The Internal Revenue Service (IRS) recently finalized (TD 9773) proposed regulations on the Country-by-Country (CbC) reporting of financial information for large international businesses. This brings U.S. tax reporting in line with Action 13 of the Organization for Economic Cooperation and Development’s (OECD) Base Erosion Profit-Shifting (BEPS) plan. With global trade becoming more interconnected and U.S. businesses operating in multiple countries, there has been a concentrated push by international taxing authorities to have a more transparent picture of where businesses operate and how much is earned in each location. The goal is to better ensure that a multinational enterprise (MNE) properly reports revenues and pays taxes where they are earned and not look to aggressively shift them to jurisdictions with lower tax rates. A new IRS Form 8975 (currently released in draft form) will be required for filing in fiscal years beginning on or after June 30, 2016 (so for a calendar-year business that starts on January 1, the current 2017 fiscal year will be the first one requiring this form).
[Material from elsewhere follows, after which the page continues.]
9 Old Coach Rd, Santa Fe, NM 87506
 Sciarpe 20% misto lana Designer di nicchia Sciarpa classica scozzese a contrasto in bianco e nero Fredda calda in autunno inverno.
On a global scale, in 2015 the OECD proposed a series of 15 Articles dealing with international taxation under their BEPS plan. Member countries around the world have started to review and implement the various Actions. Action 13, “Transfer Pricing Documentation and Country-by-Country Reporting,” set guidelines for how MNEs with global revenues over $750 million Euros (approx. $835 million USD) should report their earnings (for a more in-depth review of Action 13, please refer our 2016 summer/fall OnPoint Magazine article). A number of foreign countries have set compliance effective from January 1, 2016.
The new IRS regulations will affect U.S.-based head corporations with fiscal years from 6/30/2016 and onwards. There is also a voluntary reporting period from 1/1/16 – 6/30/2016 to cover dates that may be required by other nations and their CbC rules. According the IRS, “The tofinal regulations affect United States persons that are the ultimate parent entity of a multinational enterprise group that has annual revenue for the preceding annual accounting period of $850,000,000 or more.” From feedback and review of the proposed regulations, the finalized ones closely follow the OECD’s suggestions. The new Form 8975 will be due along with an entity’s regular tax return. These rules are in effect for corporations. There are different rules for partnerships and MNEs with headquarters based in another country.
Form 8975 details a business’ business activities in each country in which it operates. For each country, an MNE will need to report:
Revenue, both from related and outside parties
Profits and losses before tax
Income taxes paid and income taxes withheld
Total accumulated earnings
Total number of employees
New book value of tangible assets
So, what does this mean for you? The IRS has stated that as of September 1, 2017, Form 8975 may be filed for early reporting periods. If your business meets the above thresholds, it is time to review both the requirements and your information collection systems now so that you will be in compliance with the upcoming rules, rather than waiting for a later date.